A band of violent weather moving across the country's midsection killed eight more people Sunday as tornadoes, heavy rain and hail belted parts of Iowa and Minnesota, darkening Memorial Day weekend.
The Iowa Homeland Security administrator confirmed that a tornado that ripped through Parkersburg, a small town about 80 miles northeast of Des Moines, killed seven people Sunday. At least 50 injuries were reported, and many of the town's homes and buildings were destroyed.
A warning siren was sounded, but residents said that the storm touched down quickly.
"All I saw was the biggest black wall in my life," Perry Barnard, a Parkersburg resident, told ABC News. "I couldn't tell. I didn't think it was a tornado because it was so wide."
In Minnesota, the tornado damaged about four dozen homes in the St. Paul suburb of Hugo, Minn., and some residents were still unaccounted for, according to the Hugo city administrator. The Washington County Sheriff's Office confirmed that the storm killed a 2-year-old and critically injured the child's sibling.

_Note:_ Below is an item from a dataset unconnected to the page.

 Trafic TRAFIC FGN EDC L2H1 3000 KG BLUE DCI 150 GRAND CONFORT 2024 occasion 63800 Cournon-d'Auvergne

"All of a sudden, the wind picked up and the glass was breaking," an unidentified Hugo resident said as the cleanup effort began. "We just went by the furnace and huddled together and we just -- I can't even really describe it. It was so terrifying. I was just praying to God please protect us.
More than 300 homes were evacuated in and around Hugo over concerns about downed power lines and possible gas leaks.
Before the Sunday strikes in Iowa and Minnesota, the same weather system spent three days battering rural Oklahoma and Kansas, where it killed two people Friday.
In Garfield County, Okla., the small congregation of 100-year-old Potter Community Church, which was destroyed by a tornado Saturday, gathered for its regular service near the building's wreckage.
The extreme conditions are the result of a large warm weather system moving up from the Plains states that collided with a cold weather system as it moved north toward Minnesota.
The stormy weather is not over yet, as the system is expected to slide east across Wisconsin, Illinois and Indiana today and could spawn additional twisters.
Thunderstorms are forecast over much of the central and southern Plains states. Tornadoes could hit parts of southern Kansas, northwest Oklahoma and the Texas panhandle, according to the National Weather Service.
Already, 43 tornadoes have been counted across five states this Memorial Day weekend.
Tornadoes have killed about 100 people in the United States so far this year, the worst toll in a decade, according to the National Weather Service. The peak season for tornadoes is spring and early summer, and then again in the late fall.
Information from The Associated Press was used in this report.